We will also create a standardized version of this count table, which we will refer to as data_st. In the standardized case, each gene will have a mean of zero and a standard deviation of one across its samples (Chandrasekhar, Thangavel, and Elayaraja 2012).

data_st <- as.data.frame(t(apply(as.matrix(data[,-1]), 1, scale)))
data_st$ID <- as.character(data$ID)
data_st <- data_st[,c(length(data_st), 1:length(data_st)-1)]
colnames(data_st) <- colnames(data)
nID <- which(is.nan(data_st[,2]))
data_st[nID,2:length(data_st)] <- 0
str(data_st, strict.width = "wrap")
#> 'data.frame':    7332 obs. of  7 variables:
#> $ ID : chr "Glyma06g12670.1" "Glyma08g12390.2" "Glyma12g02076.11"
#>    "Glyma18g53450.1" ...
#> $ S1.1: num -1.158 0.386 0.533 0 -0.42 ...
#> $ S1.2: num -0.644 1.121 -0.633 0 -1.44 ...
#> $ S1.3: num -0.899 1.012 -0.615 0 -0.317 ...
#> $ S3.1: num 0.933 -1.345 1.241 0 1.318 ...
#> $ S3.2: num 0.8816 -0.7748 -1.3259 0 -0.0904 ...
#> $ S3.3: num 0.887 -0.4 0.8 0 0.95 ...

Next, we will generate a side-by-side boxplot of this data. We can check that the distribution of read counts (their five number summaries) is consistent across the six samples. If a user does not find that the side-by-side boxplots show consistent read count distributions across the samples, then they may wish to renormalize and/or remove outliers, using packages like edgeR (Robinson, McCarthy, and Smyth 2010), DESeq2 (Love, Huber, and Anders 2014), or limma (Ritchie et al. 2015)).
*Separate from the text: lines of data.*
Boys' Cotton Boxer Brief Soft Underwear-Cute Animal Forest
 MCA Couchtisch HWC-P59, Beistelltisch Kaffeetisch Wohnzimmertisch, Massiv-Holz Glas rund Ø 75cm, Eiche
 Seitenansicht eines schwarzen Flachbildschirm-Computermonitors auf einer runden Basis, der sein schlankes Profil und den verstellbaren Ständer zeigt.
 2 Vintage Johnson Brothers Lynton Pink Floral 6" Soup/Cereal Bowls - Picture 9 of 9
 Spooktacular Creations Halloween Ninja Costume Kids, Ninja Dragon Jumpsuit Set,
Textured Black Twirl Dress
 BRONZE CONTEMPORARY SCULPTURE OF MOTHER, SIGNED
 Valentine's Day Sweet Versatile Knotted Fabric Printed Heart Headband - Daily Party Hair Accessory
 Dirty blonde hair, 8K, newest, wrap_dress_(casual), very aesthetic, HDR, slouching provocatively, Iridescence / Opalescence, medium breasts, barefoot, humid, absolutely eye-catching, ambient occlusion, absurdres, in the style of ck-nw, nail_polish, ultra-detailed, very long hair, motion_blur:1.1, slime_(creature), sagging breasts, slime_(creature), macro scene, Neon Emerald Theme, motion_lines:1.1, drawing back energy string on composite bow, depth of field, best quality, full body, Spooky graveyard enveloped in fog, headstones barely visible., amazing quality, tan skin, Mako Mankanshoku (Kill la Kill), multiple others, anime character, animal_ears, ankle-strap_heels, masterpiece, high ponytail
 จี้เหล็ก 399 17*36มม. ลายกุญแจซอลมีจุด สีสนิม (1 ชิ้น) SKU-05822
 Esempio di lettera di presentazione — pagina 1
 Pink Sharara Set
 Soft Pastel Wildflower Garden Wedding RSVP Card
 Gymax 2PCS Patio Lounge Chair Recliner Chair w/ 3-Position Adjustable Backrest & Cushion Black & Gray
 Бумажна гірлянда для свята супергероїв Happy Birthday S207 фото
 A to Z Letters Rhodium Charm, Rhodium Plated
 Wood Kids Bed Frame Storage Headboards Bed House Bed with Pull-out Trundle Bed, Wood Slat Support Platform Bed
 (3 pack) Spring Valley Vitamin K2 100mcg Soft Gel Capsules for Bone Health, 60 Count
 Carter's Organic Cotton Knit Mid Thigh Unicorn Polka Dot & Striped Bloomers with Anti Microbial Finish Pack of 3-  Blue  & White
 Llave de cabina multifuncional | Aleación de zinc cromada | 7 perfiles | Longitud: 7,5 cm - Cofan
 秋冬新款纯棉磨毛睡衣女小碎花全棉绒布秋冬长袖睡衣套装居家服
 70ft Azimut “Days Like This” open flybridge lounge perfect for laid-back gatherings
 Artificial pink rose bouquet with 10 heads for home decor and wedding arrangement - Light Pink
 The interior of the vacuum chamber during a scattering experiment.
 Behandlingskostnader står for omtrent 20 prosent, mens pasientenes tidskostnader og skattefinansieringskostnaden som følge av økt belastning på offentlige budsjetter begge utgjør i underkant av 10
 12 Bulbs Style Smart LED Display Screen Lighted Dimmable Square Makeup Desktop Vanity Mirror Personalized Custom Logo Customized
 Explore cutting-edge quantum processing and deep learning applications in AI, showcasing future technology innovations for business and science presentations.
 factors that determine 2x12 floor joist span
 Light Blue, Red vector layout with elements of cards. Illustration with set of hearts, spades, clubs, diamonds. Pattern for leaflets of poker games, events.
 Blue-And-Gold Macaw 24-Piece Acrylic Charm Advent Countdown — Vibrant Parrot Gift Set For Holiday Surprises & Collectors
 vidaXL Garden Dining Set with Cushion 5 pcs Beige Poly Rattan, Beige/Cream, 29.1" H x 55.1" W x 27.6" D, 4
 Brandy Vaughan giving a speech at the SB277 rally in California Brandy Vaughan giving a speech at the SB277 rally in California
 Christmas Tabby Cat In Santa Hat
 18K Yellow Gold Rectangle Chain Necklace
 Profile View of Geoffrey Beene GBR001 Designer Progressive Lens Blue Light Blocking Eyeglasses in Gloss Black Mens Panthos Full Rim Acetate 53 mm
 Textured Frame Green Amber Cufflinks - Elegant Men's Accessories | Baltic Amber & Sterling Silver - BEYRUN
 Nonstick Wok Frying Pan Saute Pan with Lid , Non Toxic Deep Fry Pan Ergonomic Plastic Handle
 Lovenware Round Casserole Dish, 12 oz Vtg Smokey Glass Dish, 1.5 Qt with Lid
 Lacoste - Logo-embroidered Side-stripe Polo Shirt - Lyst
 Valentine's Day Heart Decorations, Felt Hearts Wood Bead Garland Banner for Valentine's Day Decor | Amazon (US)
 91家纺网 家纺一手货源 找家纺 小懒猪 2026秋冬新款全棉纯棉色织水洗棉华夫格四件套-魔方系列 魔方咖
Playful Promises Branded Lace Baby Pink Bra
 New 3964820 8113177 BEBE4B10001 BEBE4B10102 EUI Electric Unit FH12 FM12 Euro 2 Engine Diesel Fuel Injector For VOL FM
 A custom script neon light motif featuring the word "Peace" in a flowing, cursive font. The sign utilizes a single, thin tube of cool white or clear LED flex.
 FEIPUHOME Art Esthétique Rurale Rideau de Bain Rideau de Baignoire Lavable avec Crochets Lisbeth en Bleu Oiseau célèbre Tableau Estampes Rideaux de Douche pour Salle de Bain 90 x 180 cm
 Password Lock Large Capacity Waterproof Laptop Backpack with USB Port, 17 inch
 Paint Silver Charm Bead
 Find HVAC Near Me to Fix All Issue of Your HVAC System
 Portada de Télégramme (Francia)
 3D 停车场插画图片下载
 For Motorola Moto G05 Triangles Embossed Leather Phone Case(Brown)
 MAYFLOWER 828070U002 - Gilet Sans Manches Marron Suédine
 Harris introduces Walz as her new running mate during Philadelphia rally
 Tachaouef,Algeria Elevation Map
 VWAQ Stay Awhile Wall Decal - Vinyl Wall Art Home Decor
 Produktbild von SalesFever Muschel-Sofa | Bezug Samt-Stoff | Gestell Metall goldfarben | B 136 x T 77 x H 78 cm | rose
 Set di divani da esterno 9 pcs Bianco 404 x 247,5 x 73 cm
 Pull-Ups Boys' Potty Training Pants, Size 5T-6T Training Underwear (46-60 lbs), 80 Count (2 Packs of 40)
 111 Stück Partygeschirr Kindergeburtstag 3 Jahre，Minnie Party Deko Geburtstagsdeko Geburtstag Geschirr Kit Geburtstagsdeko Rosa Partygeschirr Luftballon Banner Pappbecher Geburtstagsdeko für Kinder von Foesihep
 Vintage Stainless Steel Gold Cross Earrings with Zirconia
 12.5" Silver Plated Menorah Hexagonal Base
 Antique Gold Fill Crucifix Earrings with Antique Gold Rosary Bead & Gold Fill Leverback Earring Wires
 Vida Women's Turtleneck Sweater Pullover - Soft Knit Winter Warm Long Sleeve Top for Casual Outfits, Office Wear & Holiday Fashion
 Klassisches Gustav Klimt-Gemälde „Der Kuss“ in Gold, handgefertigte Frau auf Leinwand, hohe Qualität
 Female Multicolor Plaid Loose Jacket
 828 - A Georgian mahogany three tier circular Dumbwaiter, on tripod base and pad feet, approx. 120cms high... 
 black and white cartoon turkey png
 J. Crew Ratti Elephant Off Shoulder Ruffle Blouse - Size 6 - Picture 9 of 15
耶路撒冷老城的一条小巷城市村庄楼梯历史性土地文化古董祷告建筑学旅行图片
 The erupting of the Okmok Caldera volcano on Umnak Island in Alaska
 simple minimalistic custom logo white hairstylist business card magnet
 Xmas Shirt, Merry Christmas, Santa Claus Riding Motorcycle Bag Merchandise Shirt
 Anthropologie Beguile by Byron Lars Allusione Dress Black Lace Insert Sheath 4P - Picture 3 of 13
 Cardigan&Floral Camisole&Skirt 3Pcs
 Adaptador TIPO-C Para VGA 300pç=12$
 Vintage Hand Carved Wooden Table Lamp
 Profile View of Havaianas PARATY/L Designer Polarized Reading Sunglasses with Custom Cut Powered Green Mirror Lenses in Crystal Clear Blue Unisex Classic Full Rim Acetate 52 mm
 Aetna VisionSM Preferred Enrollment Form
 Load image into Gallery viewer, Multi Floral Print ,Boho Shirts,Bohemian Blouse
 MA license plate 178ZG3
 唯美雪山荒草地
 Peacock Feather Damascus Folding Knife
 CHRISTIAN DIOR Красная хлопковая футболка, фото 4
ret <- plotPCP(data=data, saveFile = FALSE)
ret[["S1_S3"]]


0.3 Step 2: Scatterplot matrix

Examining the normalized count table as a scatterplot matrix can help us check for normalization problems, strange geometric features that need to be considered, and problems in variability between replicates and treatments. Unlike the side-by-side boxplot, it allows us to investigate each individual gene in the data. We confirm in our plot below that:

  • The nine treatment scatterplots show more variability around the x=y line than the six replicate scatterplots
  • The data appears normalized (the genes center on the x=y line in each scatterplot)
  • There are no unexpected geometric features or outlier streaks.
ret <- plotSM(data=data, saveFile = FALSE)
ret[["S1_S3"]]

Our normalized data appeared as expected in the scatterplot matrix above, but we briefly show three example cases users can look out for when using the scatterplot matrix to detect issues in their data. The first case is when the variability around the x=y line is not as expected for the treatment versus replicate scatterplots. Notice how the scatterplot below has nine scatterplots with large variation around their x=y line and six scatterplots with little variation around their x=y line? These are the numbers we expect, but we expect the nine scatterplots with large variation to all be located in the bottom-left corner of the matrix as they should belong to the treatment scatterplots. In an example like this, the user may wish to double-check that samples were not switched to cause such unexpected trends in sample variability. In fact, for didactic purposes, we deliberately switched samples S1.3 and S3.1.

dataSwitch <- data[,c(1:3, 5, 4, 6:7)]
colnames(dataSwitch) <- colnames(data)
ret <- plotSM(data=dataSwitch, saveFile = FALSE)
ret[["S1_S3"]]

The second case occurs when the scatterplot matrix reveals normalization issues. The plot below shows one such example from a public dataset of Saccharomyces cerevisiae (yeast) grown in YPGlucose (YPD) (Risso et al. 2011). The deviation of genes from the x=y line instantly reveals that the RNA-seq dataset was not thoroughly normalized using within-lane normalization (subplot A). However, within-lane normalization followed by between-lane normalization sufficiently normalized the data (subplot B). This example shows that the user can work iteratively between graphics and models: They can update model parameters and normalization techniques until their visualizations show that the model now makes sense.